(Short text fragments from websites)
━━━━━━━━━━━━━━━━━━━━

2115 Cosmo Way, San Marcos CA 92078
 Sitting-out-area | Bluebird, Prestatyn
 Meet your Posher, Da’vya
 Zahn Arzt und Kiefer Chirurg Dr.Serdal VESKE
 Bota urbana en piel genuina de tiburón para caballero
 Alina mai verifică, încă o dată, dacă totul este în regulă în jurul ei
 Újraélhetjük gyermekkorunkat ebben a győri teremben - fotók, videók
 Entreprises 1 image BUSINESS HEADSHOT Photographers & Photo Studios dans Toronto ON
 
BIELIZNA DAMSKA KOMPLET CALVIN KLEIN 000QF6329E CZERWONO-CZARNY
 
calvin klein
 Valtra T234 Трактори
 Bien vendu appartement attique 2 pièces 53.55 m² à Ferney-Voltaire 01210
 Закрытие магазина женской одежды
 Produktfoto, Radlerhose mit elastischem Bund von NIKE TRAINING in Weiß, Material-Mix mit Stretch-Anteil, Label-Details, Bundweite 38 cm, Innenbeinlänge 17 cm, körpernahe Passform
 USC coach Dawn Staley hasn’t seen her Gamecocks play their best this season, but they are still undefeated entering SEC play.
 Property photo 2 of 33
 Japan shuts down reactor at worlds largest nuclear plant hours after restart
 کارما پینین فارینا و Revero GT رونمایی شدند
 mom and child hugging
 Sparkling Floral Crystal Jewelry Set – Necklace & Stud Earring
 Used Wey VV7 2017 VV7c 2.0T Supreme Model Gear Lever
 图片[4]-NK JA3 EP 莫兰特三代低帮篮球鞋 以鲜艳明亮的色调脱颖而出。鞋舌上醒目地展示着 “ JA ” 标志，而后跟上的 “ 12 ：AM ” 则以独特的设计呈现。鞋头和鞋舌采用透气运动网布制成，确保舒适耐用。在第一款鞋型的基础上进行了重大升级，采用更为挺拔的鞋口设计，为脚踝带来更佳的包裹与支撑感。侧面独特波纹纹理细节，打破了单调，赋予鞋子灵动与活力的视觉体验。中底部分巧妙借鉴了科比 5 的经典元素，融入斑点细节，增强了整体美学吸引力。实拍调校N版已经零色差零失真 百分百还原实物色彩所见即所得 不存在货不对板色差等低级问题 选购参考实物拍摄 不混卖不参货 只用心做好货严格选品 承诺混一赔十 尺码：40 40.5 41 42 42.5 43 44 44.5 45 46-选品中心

━━━━━━━━━━━━━━━━━━━━

> **Work order**: Restate the whole set of entries exactly.

> **Output for this exercise**:
2115 Cosmo Way, San Marcos CA 92078
 Sitting-out-area | Bluebird, Prestatyn
 Meet your Posher, Da’vya
 Zahn Arzt und Kiefer Chirurg Dr.Serdal VESKE
 Bota urbana en piel genuina de tiburón para caballero
 Alina mai verifică, încă o dată, dacă totul este în regulă în jurul ei
 Újraélhetjük gyermekkorunkat ebben a győri teremben - fotók, videók
 Entreprises 1 image BUSINESS HEADSHOT Photographers & Photo Studios dans Toronto ON
 
BIELIZNA DAMSKA KOMPLET CALVIN KLEIN 000QF6329E CZERWONO-CZARNY
 
calvin klein
 Valtra T234 Трактори
 Bien vendu appartement attique 2 pièces 53.55 m² à Ferney-Voltaire 01210
 Закрытие магазина женской одежды
 Produktfoto, Radlerhose mit elastischem Bund von NIKE TRAINING in Weiß, Material-Mix mit Stretch-Anteil, Label-Details, Bundweite 38 cm, Innenbeinlänge 17 cm, körpernahe Passform
 USC coach Dawn Staley hasn’t seen her Gamecocks play their best this season, but they are still undefeated entering SEC play.
 Property photo 2 of 33
 Japan shuts down reactor at worlds largest nuclear plant hours after restart
 کارما پینین فارینا و Revero GT رونمایی شدند
 mom and child hugging
 Sparkling Floral Crystal Jewelry Set – Necklace & Stud Earring
 Used Wey VV7 2017 VV7c 2.0T Supreme Model Gear Lever
 图片[4]-NK JA3 EP 莫兰特三代低帮篮球鞋 以鲜艳明亮的色调脱颖而出。鞋舌上醒目地展示着 “ JA ” 标志，而后跟上的 “ 12 ：AM ” 则以独特的设计呈现。鞋头和鞋舌采用透气运动网布制成，确保舒适耐用。在第一款鞋型的基础上进行了重大升级，采用更为挺拔的鞋口设计，为脚踝带来更佳的包裹与支撑感。侧面独特波纹纹理细节，打破了单调，赋予鞋子灵动与活力的视觉体验。中底部分巧妙借鉴了科比 5 的经典元素，融入斑点细节，增强了整体美学吸引力。实拍调校N版已经零色差零失真 百分百还原实物色彩所见即所得 不存在货不对板色差等低级问题 选购参考实物拍摄 不混卖不参货 只用心做好货严格选品 承诺混一赔十 尺码：40 40.5 41 42 42.5 43 44 44.5 45 46-选品中心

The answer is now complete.